Hasil pemantauan DJPU di sejumlah bandara, sejauh ini kebijakan bagasi berbayar oleh Lion Air dan Wings Air sudah sesuai dengan SOP

DJPU Pantau Bagasi Berbayar Oleh Lion Air dan Wings Air di Sejumlah Bandara

JAKARTA (Independensi.com) Maskapai penerbangan Lion Air dan Wings Air mulai memberlakukan bagasi berbayar pada Selasa ini (22/1)

Kebijakan ini dilakukan setelah membuat Standart Operating Procedure (SOP) yang telah disetujui oleh Dirjen Perhubungan Udara selaku regulator penerbangan nasional dan melakukan sosialisasi selama 2 minggu.

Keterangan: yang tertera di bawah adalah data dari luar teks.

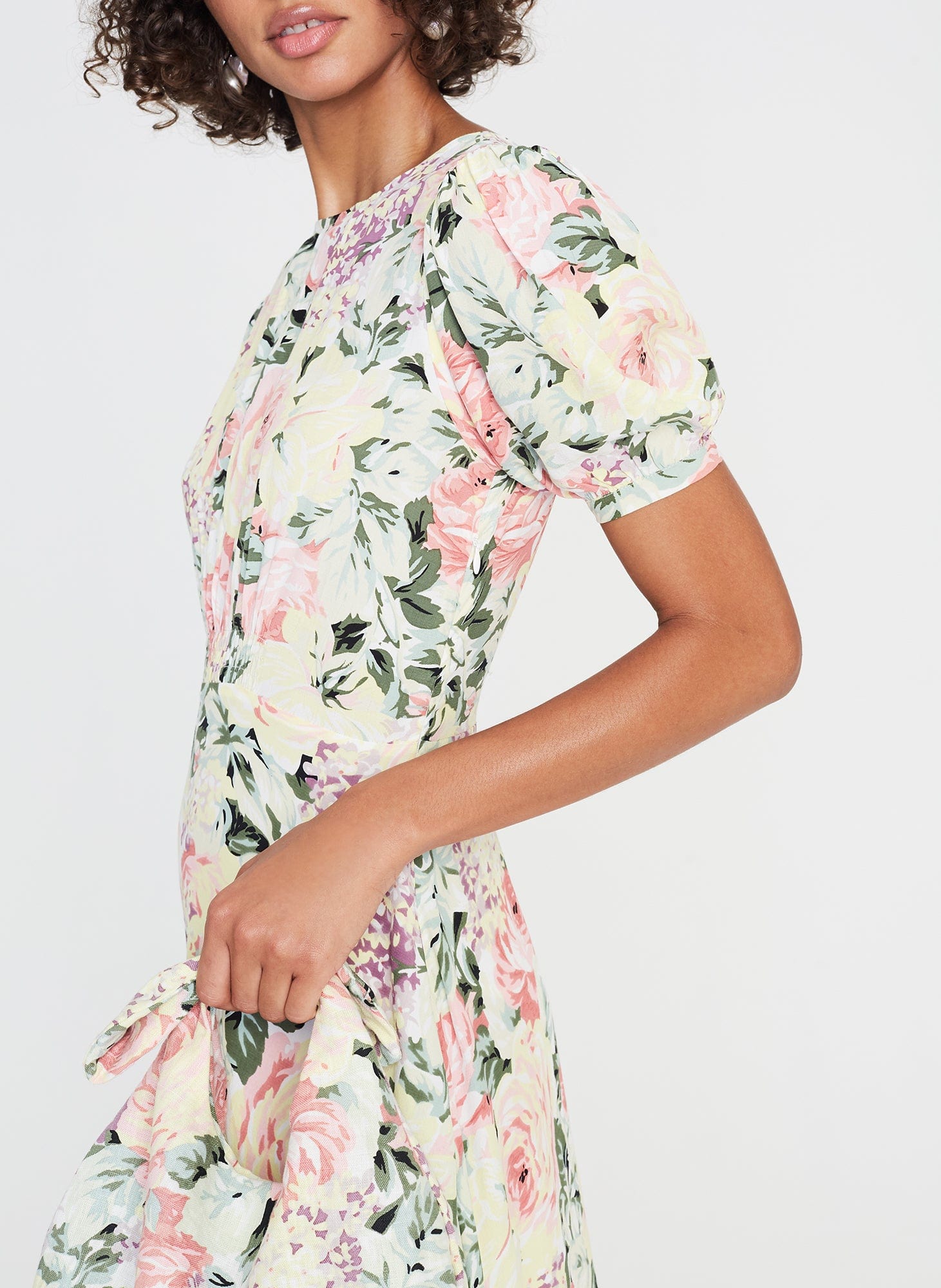 Faithfull The Brand Sidonie Mini Dress Venissa Floral - Image 3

Terkait dengan hal tersebut, Ditjen Perhubungan Udara mengadakan pemantauan di sejumlah bandara untuk memastikan SOP terkait aturan bagasi berbayar tersebut dilaksanakan dengan baik oleh maskapai yang bersangkutan.

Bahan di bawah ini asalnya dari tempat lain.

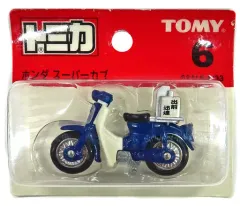 【中古】トミカ 1/33 ホンダ スーパーカブ(ブルー×ホワイト) 「トミカ No.6」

“Kami sudah perintahkan jajaran Direktorat Angkutan Udara, Otoritas Bandar Udara (OBU) dan Unit Penyelenggara Bandar Udara (UPBU) dan Badan Usaha Bandar Udara (BUBU) di seluruh Indonesia untuk melakukan pemantauan terkait hal tersebut.

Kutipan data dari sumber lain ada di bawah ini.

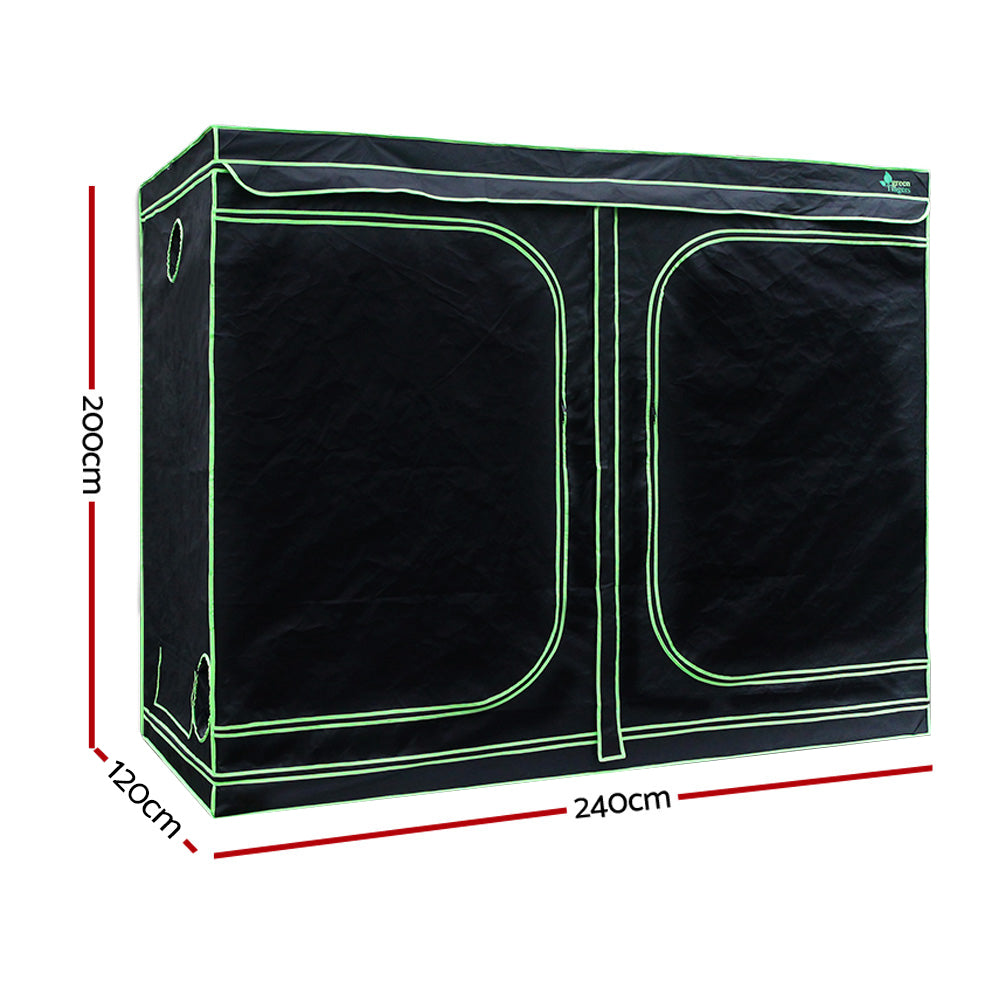 Marlook Grow Tent Light Kit 240x120x200CM 2000W LED 6" Vent Fan,Marlook Grow Tent Light Kit LED 2000W Full Spectrum 6" Vent 240x120x200CM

“Pemantauan dilakukan untuk memastikan SOP dilaksanakan maskapai dan layanan kepada penumpang terlaksana dengan baik sehingga operasional penerbangan tetap terlaksana dengan selamat, aman dan nyaman,” ujar Dirjen Perhubungan Udara Polana B. Pramesti di Jakarta Selasa (22/1)

Dari hasil pemantauan sejauh ini, menurut Polana, tidak ditemukan masalah yang berarti. Maskapai sudah melaksanakan SOP sehingga operasional penerbangan masih berjalan dengan baik dan lancar.

Namun demikian Polana menegaskan bahwa maskapai penerbangan, dalam hal ini Lion Air dan Wings Air harus selalu melaksanakan SOP dengan baik, terutama melakukan sosialisasi terkait bagasi berbayar ini baik lewat banner, spanduk, website dan media sosial.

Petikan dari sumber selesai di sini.